吉栄 (Kichiei)
吉栄(きちえい、生没年不詳)は江戸時代末期の女性。
名はお栄とも。
新撰組幹部永倉新八が書き残した『浪士文久報国記事』、『新選組顛末記』や昭和になって小説家の子母澤寛が八木為三郎(新撰組が屯所としていた八木家の子息)からの聞き書き『新撰組始末記』『新撰組遺聞』で筆頭局長芹沢鴨暗殺事件の際に事件の現場の八木家に居合わせた女性として登場する。
生涯
吉栄は京都嶋原の置屋桔梗屋の天神(芸妓)で水戸派(芹沢派)の副長助勤平山五郎の馴染みだった。
為三郎の証言によると22から23歳ぐらいで、可愛い女性だった。
事件が起こった文久3年(1863年)9月16日(18日とも)の日暮れ過ぎに吉栄は平山を訪ねて八木家へやってきた。

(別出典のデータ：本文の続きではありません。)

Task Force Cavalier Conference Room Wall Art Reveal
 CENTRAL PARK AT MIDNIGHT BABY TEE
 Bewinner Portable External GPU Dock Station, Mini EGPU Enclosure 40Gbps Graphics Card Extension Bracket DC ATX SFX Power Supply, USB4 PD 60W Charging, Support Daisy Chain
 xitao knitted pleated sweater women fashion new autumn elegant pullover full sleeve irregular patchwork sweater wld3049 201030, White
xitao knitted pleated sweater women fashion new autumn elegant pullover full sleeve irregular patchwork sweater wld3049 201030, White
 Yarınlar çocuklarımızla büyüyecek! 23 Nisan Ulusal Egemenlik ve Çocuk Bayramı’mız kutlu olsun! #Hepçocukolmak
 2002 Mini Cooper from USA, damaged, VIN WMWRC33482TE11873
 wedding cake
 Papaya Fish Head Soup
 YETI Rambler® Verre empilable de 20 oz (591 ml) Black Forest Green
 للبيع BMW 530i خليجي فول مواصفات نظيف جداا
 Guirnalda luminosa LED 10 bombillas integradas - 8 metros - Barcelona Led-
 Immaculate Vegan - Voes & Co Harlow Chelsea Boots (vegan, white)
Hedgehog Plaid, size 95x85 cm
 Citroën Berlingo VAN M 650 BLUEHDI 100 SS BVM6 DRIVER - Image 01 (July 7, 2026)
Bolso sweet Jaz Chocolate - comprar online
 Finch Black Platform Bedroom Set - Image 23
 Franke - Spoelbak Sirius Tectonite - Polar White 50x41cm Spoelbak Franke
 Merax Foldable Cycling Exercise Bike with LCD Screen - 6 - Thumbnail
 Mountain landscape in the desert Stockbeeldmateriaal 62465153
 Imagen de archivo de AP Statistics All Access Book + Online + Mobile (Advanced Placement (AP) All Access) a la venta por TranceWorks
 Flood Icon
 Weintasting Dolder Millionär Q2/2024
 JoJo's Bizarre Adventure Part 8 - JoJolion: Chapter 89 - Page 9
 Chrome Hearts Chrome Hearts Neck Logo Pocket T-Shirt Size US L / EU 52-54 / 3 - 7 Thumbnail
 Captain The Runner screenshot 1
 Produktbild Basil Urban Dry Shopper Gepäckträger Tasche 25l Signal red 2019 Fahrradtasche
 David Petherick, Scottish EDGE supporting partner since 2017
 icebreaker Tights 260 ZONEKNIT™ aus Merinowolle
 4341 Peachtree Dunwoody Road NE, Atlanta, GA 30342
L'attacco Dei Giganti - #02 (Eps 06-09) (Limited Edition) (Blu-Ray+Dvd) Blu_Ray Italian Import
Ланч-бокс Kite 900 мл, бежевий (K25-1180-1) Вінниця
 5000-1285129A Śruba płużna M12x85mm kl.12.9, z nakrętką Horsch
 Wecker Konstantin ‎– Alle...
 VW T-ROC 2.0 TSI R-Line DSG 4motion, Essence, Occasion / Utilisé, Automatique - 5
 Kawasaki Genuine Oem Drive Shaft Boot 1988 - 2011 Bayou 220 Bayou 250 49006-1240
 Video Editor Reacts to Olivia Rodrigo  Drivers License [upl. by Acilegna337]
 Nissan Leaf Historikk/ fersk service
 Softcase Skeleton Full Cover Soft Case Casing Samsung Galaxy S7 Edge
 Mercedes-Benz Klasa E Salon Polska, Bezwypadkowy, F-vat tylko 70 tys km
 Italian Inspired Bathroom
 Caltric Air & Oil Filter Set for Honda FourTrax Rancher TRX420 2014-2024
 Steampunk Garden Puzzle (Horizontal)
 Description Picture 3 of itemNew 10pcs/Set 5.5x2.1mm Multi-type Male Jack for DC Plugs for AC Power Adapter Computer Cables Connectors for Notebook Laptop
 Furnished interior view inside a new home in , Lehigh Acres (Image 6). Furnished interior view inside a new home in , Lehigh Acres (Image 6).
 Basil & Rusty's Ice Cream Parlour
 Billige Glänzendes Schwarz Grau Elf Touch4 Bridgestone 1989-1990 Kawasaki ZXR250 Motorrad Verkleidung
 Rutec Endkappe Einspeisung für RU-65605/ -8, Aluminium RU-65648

芹沢や平山が留守だったために、吉栄は芹沢の愛人のお梅や八木家の女中とお勝手で遊んで暇を潰していた。
吉栄が来る前に輪違屋の糸里も八木家に来て平間重助を待っていた。
夜になって芹沢、平山、平間が帰ってきて、芹沢はお梅と平山は吉栄と奥の十畳間を屏風で仕切って同衾し、平間と糸里は別室で寝た。
芹沢と平山が寝入ったころ、吉栄は小用をたすため便所へ行った。
すると、数人の男たちが突然寝室へ押し入り、芹沢と平山を殺害し、その場に居合わせたお梅を惨殺して立ち去った。
刺客は芹沢の水戸派と対立していた近藤勇の試衛館派の土方歳三、山南敬助、沖田総司、原田左之助という説が有力である。
便所にいた吉栄は危うく難を逃れた。
吉栄と馴染みだった原田が便所に入った吉栄に声をかけて逃がしてやったともいう。
別室にいた平間は逃亡。
糸里も姿を消した。
吉栄のその後は桔梗屋が昭和に入って廃業しており、史料もなく不明である。
2004年に浅田次郎が著した時代小説『輪違屋糸里』では吉栄は主要登場人物だが、史実では事件の現場に居合わせた以外はほとんど分らない女性である。
糸里の親友だとか、平山の子を宿していたなどの設定はフィクションである。